» Available records:
────────
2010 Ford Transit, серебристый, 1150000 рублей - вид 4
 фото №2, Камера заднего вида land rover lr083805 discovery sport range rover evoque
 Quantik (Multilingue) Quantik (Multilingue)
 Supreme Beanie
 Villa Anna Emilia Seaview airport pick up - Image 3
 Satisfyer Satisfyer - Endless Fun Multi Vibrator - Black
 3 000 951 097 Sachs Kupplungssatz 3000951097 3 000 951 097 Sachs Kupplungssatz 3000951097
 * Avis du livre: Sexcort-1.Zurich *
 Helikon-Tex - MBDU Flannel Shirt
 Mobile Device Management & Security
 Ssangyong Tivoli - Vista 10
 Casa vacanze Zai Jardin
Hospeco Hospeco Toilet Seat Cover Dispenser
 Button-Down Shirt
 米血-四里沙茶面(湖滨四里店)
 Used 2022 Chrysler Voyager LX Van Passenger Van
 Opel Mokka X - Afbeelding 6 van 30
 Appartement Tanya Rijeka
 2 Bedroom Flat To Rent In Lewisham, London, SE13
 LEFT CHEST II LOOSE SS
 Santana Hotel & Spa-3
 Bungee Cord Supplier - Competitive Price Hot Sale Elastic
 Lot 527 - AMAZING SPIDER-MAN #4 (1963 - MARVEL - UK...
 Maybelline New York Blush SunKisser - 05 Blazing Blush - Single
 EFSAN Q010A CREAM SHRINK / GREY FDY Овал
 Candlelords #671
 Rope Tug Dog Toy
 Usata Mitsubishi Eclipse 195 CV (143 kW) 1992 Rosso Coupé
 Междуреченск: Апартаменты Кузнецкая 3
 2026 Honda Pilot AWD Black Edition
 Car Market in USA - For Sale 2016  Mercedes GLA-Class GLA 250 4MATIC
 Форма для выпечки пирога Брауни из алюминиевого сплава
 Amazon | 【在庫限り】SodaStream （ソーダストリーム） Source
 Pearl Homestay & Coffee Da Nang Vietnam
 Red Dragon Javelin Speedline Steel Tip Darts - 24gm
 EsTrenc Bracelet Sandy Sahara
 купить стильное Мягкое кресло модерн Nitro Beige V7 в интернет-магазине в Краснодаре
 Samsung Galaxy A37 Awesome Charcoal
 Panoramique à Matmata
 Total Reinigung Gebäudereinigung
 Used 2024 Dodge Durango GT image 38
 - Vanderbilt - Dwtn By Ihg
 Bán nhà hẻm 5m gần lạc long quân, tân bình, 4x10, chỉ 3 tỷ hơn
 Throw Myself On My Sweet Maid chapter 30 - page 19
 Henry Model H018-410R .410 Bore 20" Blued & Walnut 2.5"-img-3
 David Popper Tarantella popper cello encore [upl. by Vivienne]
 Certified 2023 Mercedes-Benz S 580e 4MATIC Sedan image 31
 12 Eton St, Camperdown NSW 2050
────────
» Task statement: Write every entry out again. Leave each one exactly as it is.

» Output for this task:
2010 Ford Transit, серебристый, 1150000 рублей - вид 4
 фото №2, Камера заднего вида land rover lr083805 discovery sport range rover evoque
 Quantik (Multilingue) Quantik (Multilingue)
 Supreme Beanie
 Villa Anna Emilia Seaview airport pick up - Image 3
 Satisfyer Satisfyer - Endless Fun Multi Vibrator - Black
 3 000 951 097 Sachs Kupplungssatz 3000951097 3 000 951 097 Sachs Kupplungssatz 3000951097
 * Avis du livre: Sexcort-1.Zurich *
 Helikon-Tex - MBDU Flannel Shirt
 Mobile Device Management & Security
 Ssangyong Tivoli - Vista 10
 Casa vacanze Zai Jardin
Hospeco Hospeco Toilet Seat Cover Dispenser
 Button-Down Shirt
 米血-四里沙茶面(湖滨四里店)
 Used 2022 Chrysler Voyager LX Van Passenger Van
 Opel Mokka X - Afbeelding 6 van 30
 Appartement Tanya Rijeka
 2 Bedroom Flat To Rent In Lewisham, London, SE13
 LEFT CHEST II LOOSE SS
 Santana Hotel & Spa-3
 Bungee Cord Supplier - Competitive Price Hot Sale Elastic
 Lot 527 - AMAZING SPIDER-MAN #4 (1963 - MARVEL - UK...
 Maybelline New York Blush SunKisser - 05 Blazing Blush - Single
 EFSAN Q010A CREAM SHRINK / GREY FDY Овал
 Candlelords #671
 Rope Tug Dog Toy
 Usata Mitsubishi Eclipse 195 CV (143 kW) 1992 Rosso Coupé
 Междуреченск: Апартаменты Кузнецкая 3
 2026 Honda Pilot AWD Black Edition
 Car Market in USA - For Sale 2016  Mercedes GLA-Class GLA 250 4MATIC
 Форма для выпечки пирога Брауни из алюминиевого сплава
 Amazon | 【在庫限り】SodaStream （ソーダストリーム） Source
 Pearl Homestay & Coffee Da Nang Vietnam
 Red Dragon Javelin Speedline Steel Tip Darts - 24gm
 EsTrenc Bracelet Sandy Sahara
 купить стильное Мягкое кресло модерн Nitro Beige V7 в интернет-магазине в Краснодаре
 Samsung Galaxy A37 Awesome Charcoal
 Panoramique à Matmata
 Total Reinigung Gebäudereinigung
 Used 2024 Dodge Durango GT image 38
 - Vanderbilt - Dwtn By Ihg
 Bán nhà hẻm 5m gần lạc long quân, tân bình, 4x10, chỉ 3 tỷ hơn
 Throw Myself On My Sweet Maid chapter 30 - page 19
 Henry Model H018-410R .410 Bore 20" Blued & Walnut 2.5"-img-3
 David Popper Tarantella popper cello encore [upl. by Vivienne]
 Certified 2023 Mercedes-Benz S 580e 4MATIC Sedan image 31
 12 Eton St, Camperdown NSW 2050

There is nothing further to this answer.